Now: Kip asks whether I take my opponents to be wrong about concepts or inferences. There are, of course, people on both sides who I think have made mistakes of both kinds (I name no names ;) ) But the interesting mistake, I think, is the one I just discussed: thinking that it is impossible that any future argument will succeed where (assuming this for the sake of argument) all the existing ones have failed. This is not a mistake about concepts, but it's not obviously a mistake about inferences either -- at any rate, the 'mistake' would involve a mistake using a form of inference (induction) that no one takes to remove the possibility of error in any case.

Omitting the possibility of this sort of mistake is, I think, where Kip and I differ. And it's why I brought in Rawls to begin with. The topic of justice had been gone over pretty thoroughly when Rawls came along. Intuitions seemed to differ, and those differences seemed pretty intractable. I honestly think that had Rawls accepted, say, Richard Double's philosophical views, he would have concluded: darn, I guess people's views about justice are internally inconsistent, so there's no such thing as justice anyways. Time to move on to the next problem.

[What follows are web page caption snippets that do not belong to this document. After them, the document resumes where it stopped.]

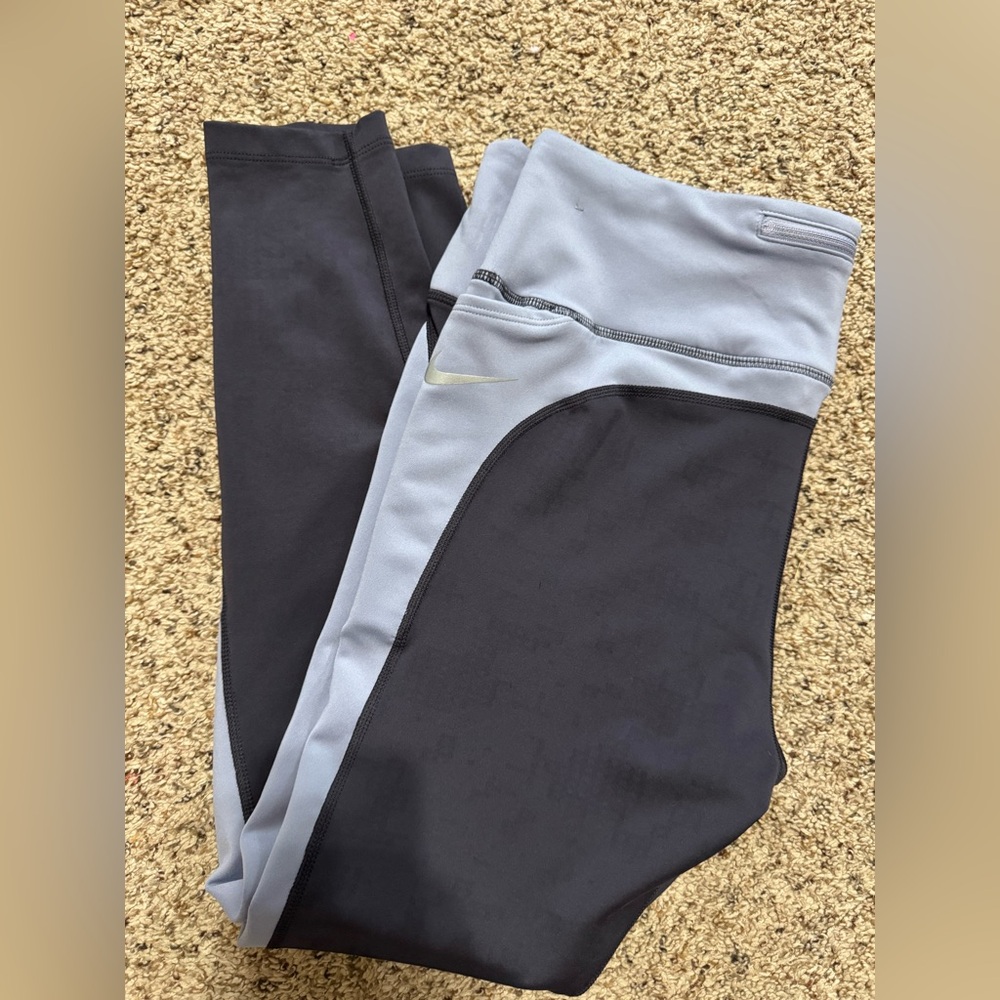 Nike Black/Gray and Light Purple Two-Tone Athletic Leggings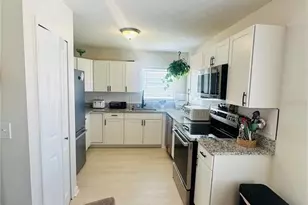 340 Edgewood Ct, Kissimmee, FL 34759 - Photo 7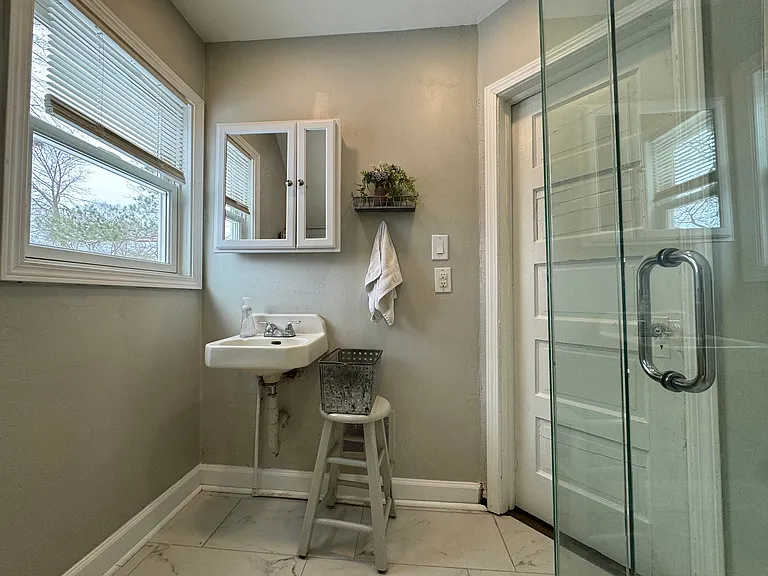 445 Octavius St #3 — Photo 11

Luckily for all of us, he thought instead that there was room for constructive work: coming up with a different approach, working it out in detail, and arguing that it allowed us to reconcile things that had previously seemed irreconcilable, and to make tractable problems that had previously resisted any sort of solution. (You can play this game with lots of philosophers. Kant: "There are antinomies. So much for reason." Aristotle: "Let us consider the opinions of the many and the wise. They disagree. Darn.") And, as I said, what bothers me about the idea (Double's; I have no idea if it's Kip's) that when intuitions about some concept differ or are inconsistent with one another, we should just conclude that that concept fails to apply, is that it makes the entire possibility of doing interesting constructive work vanish. Because interesting, constructive work is what you try to do when you think that all the obvious paths have been tried and some entirely new approach is called for. This doesn't require thinking that your opponents have made mistakes either about concepts or about inferences. It only requires thinking that not all the interesting approaches have yet been tried.

December 15, 2006

Zygotes, God, and Santa Claus

I find Al Mele's Zygote Argument compelling.  (See the next to last chapter in his new book and also the paper we read in the GFP reading group not too long ago.)  That argument comprises the following story about a goddess named Diana and the subsequent numbered steps.

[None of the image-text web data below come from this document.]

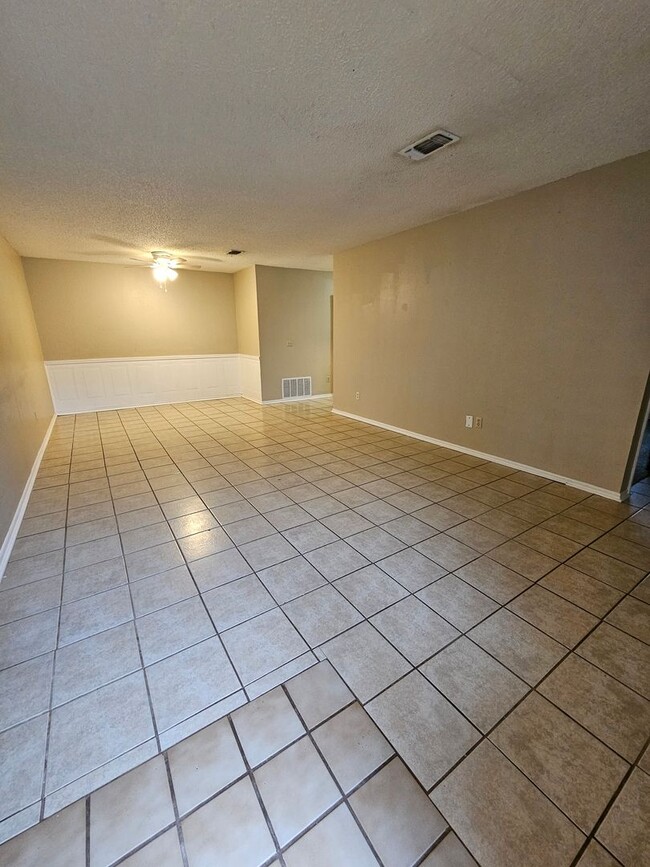 Building Photo - (2) Bed/(2) Bath Duplex Avail NOW!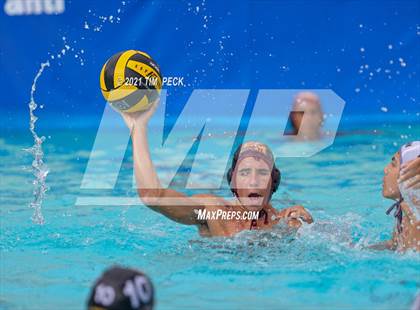 Thumbnail 1 in El Modena @ Villa Park photogallery.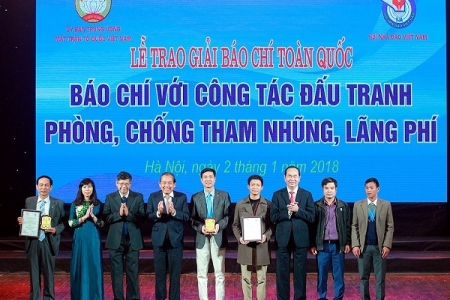 Phát huy hơn nữa vai trò báo chí trong đấu tranh phòng, chống tham nhũng, lãng phí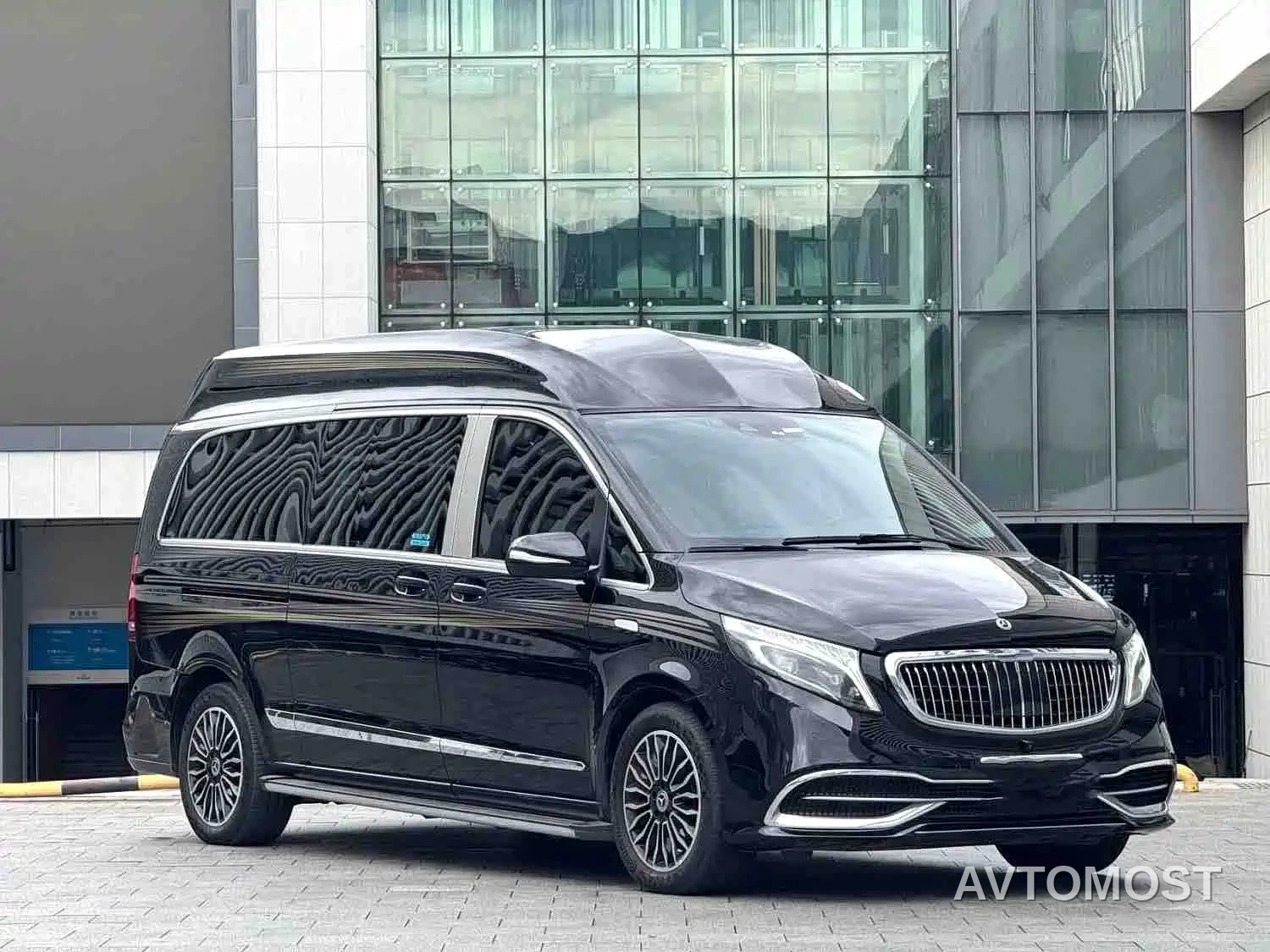 Mercedes-Benz V-Class 2022 V 260 L Long Wheelbase Prestige Edition — фото 3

Diana creates a zygote Z in Mary. She combines Z’s atoms as she does because she wants a certain event E to occur thirty years later. From her knowledge of the state of the universe just prior to her creating Z and the laws of nature of her deterministic universe, she deduces that a zygote with precisely Z’s constitution located in Mary will develop into an ideally self-controlled agent who, in thirty years, will judge, on the basis of rational deliberation, that it is best to A and will A on the basis of that judgment, thereby bringing about E. If this agent, Ernie, has any unsheddable values at the time, they play no role in motivating his A-ing. Thirty years later, Ernie is a mentally healthy, ideally self-controlled person who regularly exercises his powers of self-control and has no relevant compelled or coercively produced attitudes. Furthermore, his beliefs are conducive to informed deliberation about all matters that concern him, and he is a reliable deliberator.

1. Because of the way his zygote was produced in his deterministic universe, Ernie is not a free agent and is not morally responsible for anything.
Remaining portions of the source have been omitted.